X_train_categorical = \
    X_train_categorical.assign(area_mapping=X_train_categorical['area']
                               .apply(area_mapping.get_mapping))
X_val_categorical = \
    X_val_categorical.assign(area_mapping=X_val_categorical['area']
                             .apply(area_mapping.get_mapping))

# Define the input layers

# Define the embedding input
area_input = Input(shape=(1,), dtype='int32')

# Decide to what vector size we want to map our 'area' variable.
# I'll use 1 here because we only have three areas
embeddings_output = 2

# Let’s define the embedding layer and flatten it
area_embedings = Embedding(output_dim=embeddings_output,
                           input_dim=area_mapping.num_values,
                           input_length=1, name="embedding_layer")(area_input)
area_embedings = keras.layers.Reshape((embeddings_output,))(area_embedings)

# Define the continuous variables input (just like before)
continuous_input = Input(shape=(X_train_continuous.shape[1], ))

# Concatenate continuous and embeddings inputs
all_input = keras.layers.concatenate([continuous_input, area_embedings])

# To merge them together we will use Keras Functional API
# Will define a simple model with 2 hidden layers, with 25 neurons each.

# Define the model
units=25
dense1 = Dense(units=units, activation='relu')(all_input)
dense2 = Dense(units, activation='relu')(dense1)
predictions = Dense(1)(dense2)

# Note using the input object 'area_input' not 'area_embeddings'
model = Model(inputs=[continuous_input, area_input], outputs=predictions)

# Lets train the model

epochs = 100  # to train properly, use 10000
model.compile(loss='mse',
              optimizer=keras.optimizers.Adam(lr=.8, beta_1=0.9,
                                              beta_2=0.999, decay=1e-03,
                                              amsgrad=True))

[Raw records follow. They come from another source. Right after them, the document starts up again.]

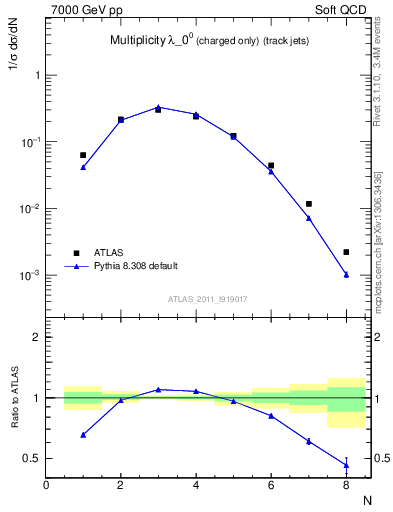 Plot of j.nch in 7000 GeV pp collisions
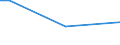 Geschlecht: Insgesamt / Altersklasse: 15 bis 34 Jahre / Internationale Standardklassifikation des Bildungswesens (ISCED 2011): Unterhalb des Primarbereichs, Primarbereich und Sekundarbereich I (Stufen 0-2) / Maßeinheit: Prozentualer Anteil der Beschäftigten und ehemals Beschäftigten / Geopolitische Meldeeinheit: Italien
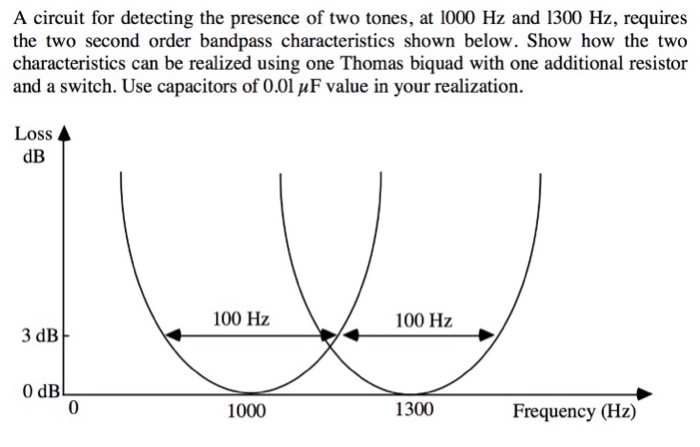 Solved A circuit for detecting the presence of two tones, at | Chegg.com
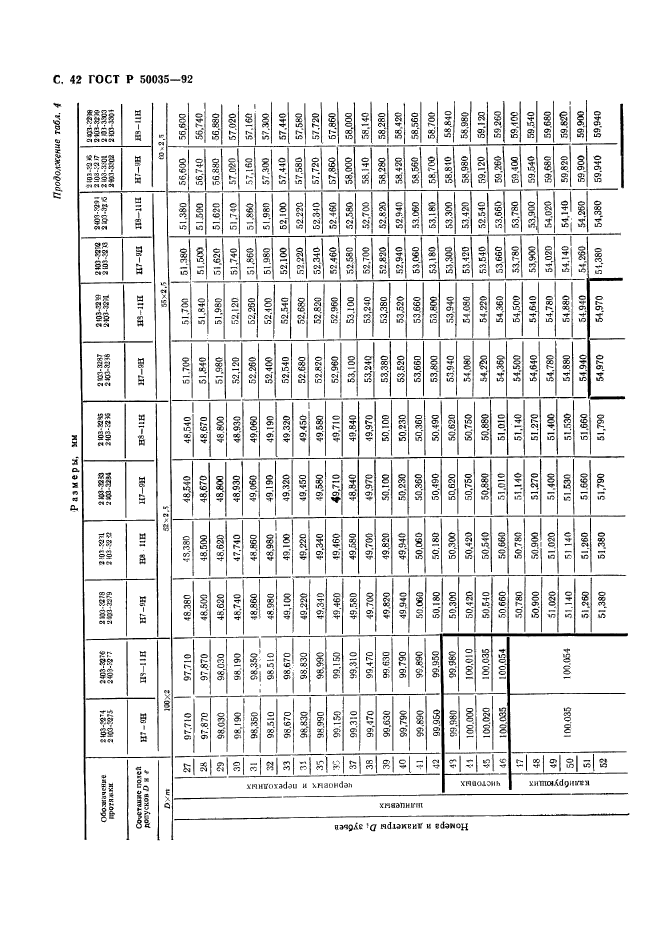   50035-92,  44.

# Note continuous and categorical columns are inserted in the same order as
# defined in all_inputs
history = model.fit([X_train_continuous, X_train_categorical['area_mapping']],
                    y_train, epochs=epochs, batch_size=128, callbacks=[
        periodic_logger_250], verbose=0,
                    validation_data=([X_val_continuous, X_val_categorical[
                        'area_mapping']], y_val))

# Observe the embedding layer

embeddings_output = model.get_layer('embedding_layer').get_weights()[0]

print(f'Embedding layer:\n{embeddings_output}')
print(f'Embedding layer shape: {embeddings_output.shape}')

Solution

First, this post has a terminology problem: an "embedding" is the representation of a particular input sample. It is the vector output by a layer. The "weights" are the matrices stored and trained inside the layer.

In Keras, the Model class is a subclass of Layer. You can use any Model as a Layer in a larger model.

You can create a Model with just the Embedding layer, then use it as a layer when building the rest of your model. After training, you can call .predict() on that "sub-model". Also, you can save that sub-model out to a json file and reload it later.

This is the standard technique for creating a model that emits internal embeddings.